■ AIM OF THE TASK: Would you transcribe only the lines from the one holding "Razor MX125 Variable" through the end of the material, exactly, without any pictures?

....

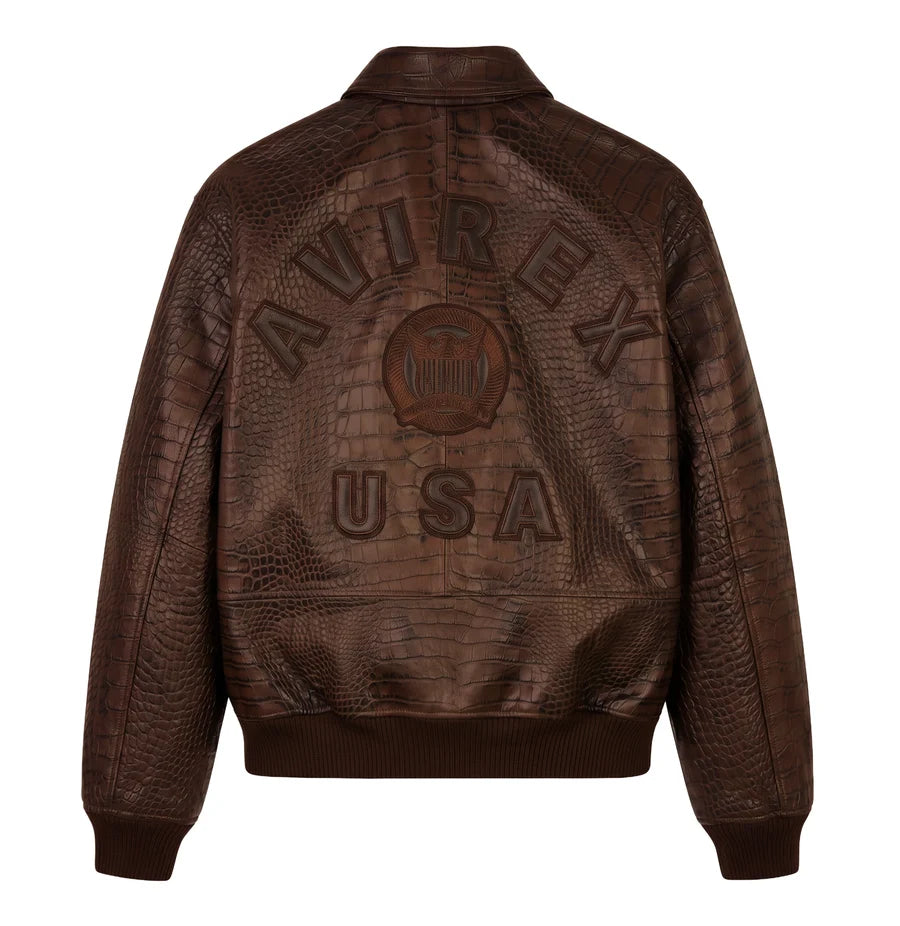 AVIREX-Leather Jackets-Gravity NYC Imagen principal del producto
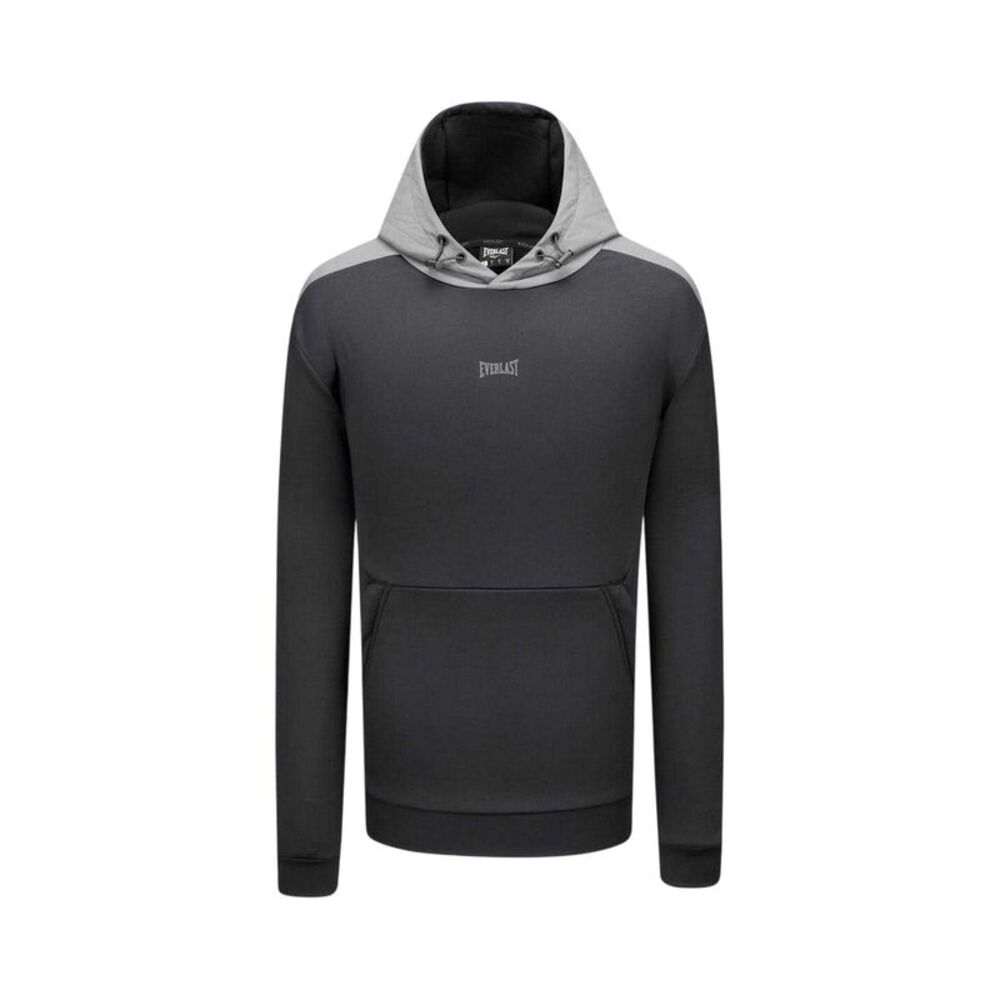 Everlast Mens Polyester Hoodie / Black/Carbon
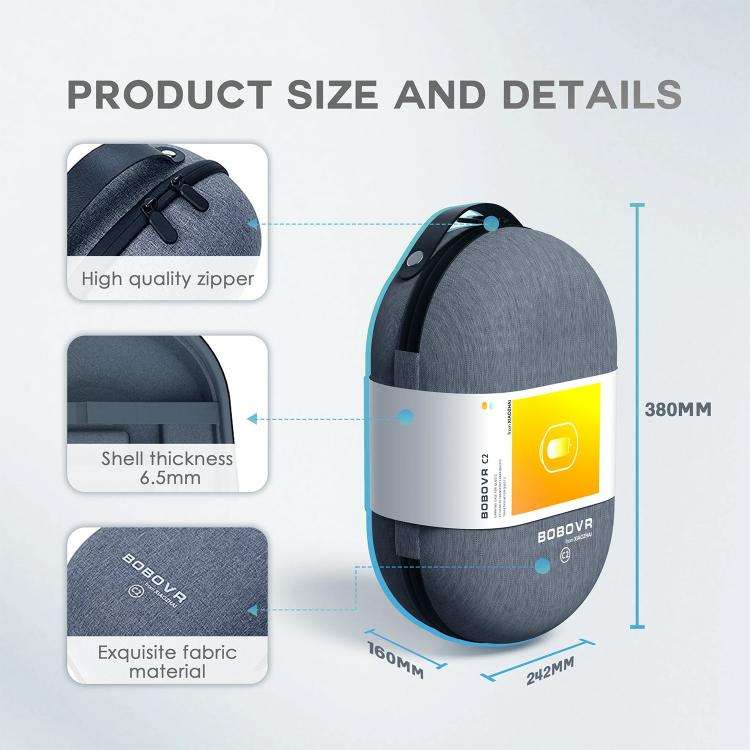 BOBOVR C2 Portable Case is Suitable For Oculus Quest 2 Large Space Compatible With M2 Band and El...
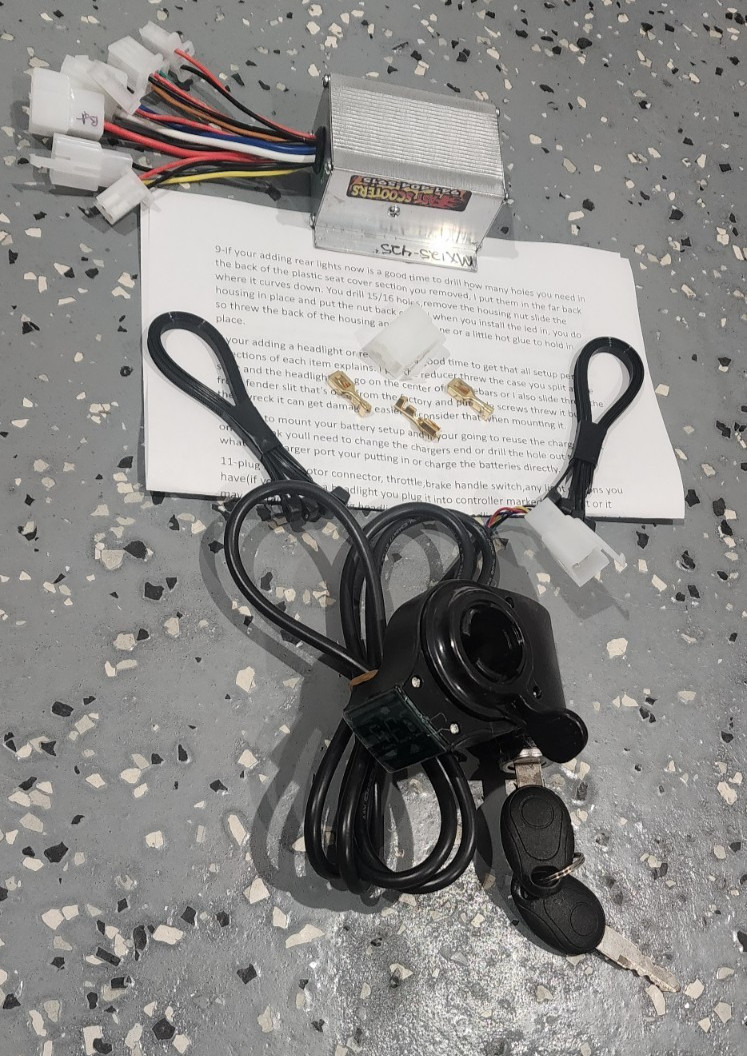 Razor MX125 Variable Speed Kit 12v, 18v Or 20v Controller And Throttle Kit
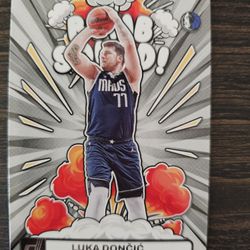 Luka Doncic #3 2023 Panini Donruss Bomb Squad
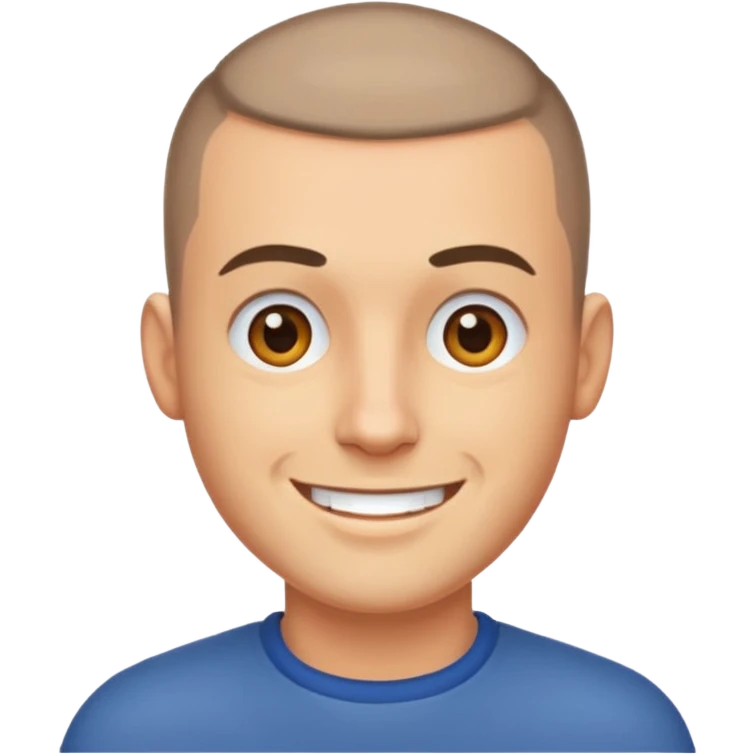 make a emoji about buzz cut man emoji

....

■ RESPONSE:
 Razor MX125 Variable Speed Kit 12v, 18v Or 20v Controller And Throttle Kit
 Luka Doncic #3 2023 Panini Donruss Bomb Squad
 make a emoji about buzz cut man emoji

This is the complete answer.